When you reach the line with "Close-up of sewing" in the listing below, transcribe it and each line after it up to and including the line with "Sally Becker and", exactly and with nothing else.

— DATA FOR THIS EXERCISE —
"""

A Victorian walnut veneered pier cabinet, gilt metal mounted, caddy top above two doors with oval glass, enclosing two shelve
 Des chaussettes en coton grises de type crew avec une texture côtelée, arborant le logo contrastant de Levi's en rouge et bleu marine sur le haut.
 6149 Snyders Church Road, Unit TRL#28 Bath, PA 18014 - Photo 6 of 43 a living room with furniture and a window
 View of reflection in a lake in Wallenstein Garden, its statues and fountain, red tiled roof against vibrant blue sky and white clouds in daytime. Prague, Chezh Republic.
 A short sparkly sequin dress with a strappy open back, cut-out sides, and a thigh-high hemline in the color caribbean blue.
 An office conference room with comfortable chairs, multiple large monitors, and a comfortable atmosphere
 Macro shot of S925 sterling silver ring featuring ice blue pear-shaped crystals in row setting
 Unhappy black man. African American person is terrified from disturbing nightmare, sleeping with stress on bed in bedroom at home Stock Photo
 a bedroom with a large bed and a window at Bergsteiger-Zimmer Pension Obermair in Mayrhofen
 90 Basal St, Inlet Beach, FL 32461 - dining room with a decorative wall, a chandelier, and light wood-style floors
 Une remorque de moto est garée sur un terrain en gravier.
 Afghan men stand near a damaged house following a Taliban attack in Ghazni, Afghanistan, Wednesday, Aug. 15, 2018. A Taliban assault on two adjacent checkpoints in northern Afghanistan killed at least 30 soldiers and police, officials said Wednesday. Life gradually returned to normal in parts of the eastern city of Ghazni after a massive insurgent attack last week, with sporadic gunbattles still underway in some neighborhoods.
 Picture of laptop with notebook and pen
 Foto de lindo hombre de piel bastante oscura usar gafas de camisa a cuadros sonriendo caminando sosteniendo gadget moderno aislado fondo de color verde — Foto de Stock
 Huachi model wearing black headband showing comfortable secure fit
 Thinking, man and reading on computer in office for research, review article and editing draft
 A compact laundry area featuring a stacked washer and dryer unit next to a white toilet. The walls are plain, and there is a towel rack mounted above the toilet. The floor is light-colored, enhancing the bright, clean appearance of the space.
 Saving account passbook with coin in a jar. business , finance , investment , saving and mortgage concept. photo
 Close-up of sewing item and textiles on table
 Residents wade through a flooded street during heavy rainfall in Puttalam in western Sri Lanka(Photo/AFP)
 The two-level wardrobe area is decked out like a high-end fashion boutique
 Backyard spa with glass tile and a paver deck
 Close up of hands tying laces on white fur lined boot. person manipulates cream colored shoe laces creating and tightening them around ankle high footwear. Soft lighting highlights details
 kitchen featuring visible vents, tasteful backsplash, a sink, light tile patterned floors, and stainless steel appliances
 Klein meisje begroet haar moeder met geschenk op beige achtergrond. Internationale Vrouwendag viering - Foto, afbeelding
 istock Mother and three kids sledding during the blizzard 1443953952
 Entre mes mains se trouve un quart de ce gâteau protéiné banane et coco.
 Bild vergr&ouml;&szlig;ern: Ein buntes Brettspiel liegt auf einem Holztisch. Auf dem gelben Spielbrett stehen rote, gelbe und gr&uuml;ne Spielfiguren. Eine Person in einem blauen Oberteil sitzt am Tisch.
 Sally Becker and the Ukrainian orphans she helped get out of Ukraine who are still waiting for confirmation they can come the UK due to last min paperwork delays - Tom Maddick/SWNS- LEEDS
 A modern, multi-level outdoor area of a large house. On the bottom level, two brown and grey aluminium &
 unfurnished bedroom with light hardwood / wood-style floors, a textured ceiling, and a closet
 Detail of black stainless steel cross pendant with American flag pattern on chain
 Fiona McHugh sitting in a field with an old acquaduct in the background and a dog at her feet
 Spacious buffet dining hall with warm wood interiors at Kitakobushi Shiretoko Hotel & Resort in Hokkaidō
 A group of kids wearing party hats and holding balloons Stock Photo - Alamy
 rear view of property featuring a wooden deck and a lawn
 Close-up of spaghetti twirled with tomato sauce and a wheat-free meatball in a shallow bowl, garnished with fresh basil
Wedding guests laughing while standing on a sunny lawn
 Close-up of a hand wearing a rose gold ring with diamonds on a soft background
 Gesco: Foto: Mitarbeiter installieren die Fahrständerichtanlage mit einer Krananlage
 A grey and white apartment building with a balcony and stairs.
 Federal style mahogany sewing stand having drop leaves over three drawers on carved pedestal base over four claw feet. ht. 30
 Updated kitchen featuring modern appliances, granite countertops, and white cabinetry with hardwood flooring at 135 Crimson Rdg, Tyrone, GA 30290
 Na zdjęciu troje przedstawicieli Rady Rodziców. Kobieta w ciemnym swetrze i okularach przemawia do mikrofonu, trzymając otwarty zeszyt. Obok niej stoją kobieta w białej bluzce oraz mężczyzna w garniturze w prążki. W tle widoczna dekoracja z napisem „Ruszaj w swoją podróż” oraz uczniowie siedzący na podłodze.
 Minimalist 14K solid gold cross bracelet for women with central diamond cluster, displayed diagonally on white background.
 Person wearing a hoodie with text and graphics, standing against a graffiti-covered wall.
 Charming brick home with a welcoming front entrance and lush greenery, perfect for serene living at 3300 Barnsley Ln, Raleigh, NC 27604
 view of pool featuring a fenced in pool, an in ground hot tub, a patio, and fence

"""

— RESPONSE BELOW —
 Close-up of sewing item and textiles on table
 Residents wade through a flooded street during heavy rainfall in Puttalam in western Sri Lanka(Photo/AFP)
 The two-level wardrobe area is decked out like a high-end fashion boutique
 Backyard spa with glass tile and a paver deck
 Close up of hands tying laces on white fur lined boot. person manipulates cream colored shoe laces creating and tightening them around ankle high footwear. Soft lighting highlights details
 kitchen featuring visible vents, tasteful backsplash, a sink, light tile patterned floors, and stainless steel appliances
 Klein meisje begroet haar moeder met geschenk op beige achtergrond. Internationale Vrouwendag viering - Foto, afbeelding
 istock Mother and three kids sledding during the blizzard 1443953952
 Entre mes mains se trouve un quart de ce gâteau protéiné banane et coco.
 Bild vergr&ouml;&szlig;ern: Ein buntes Brettspiel liegt auf einem Holztisch. Auf dem gelben Spielbrett stehen rote, gelbe und gr&uuml;ne Spielfiguren. Eine Person in einem blauen Oberteil sitzt am Tisch.
 Sally Becker and the Ukrainian orphans she helped get out of Ukraine who are still waiting for confirmation they can come the UK due to last min paperwork delays - Tom Maddick/SWNS- LEEDS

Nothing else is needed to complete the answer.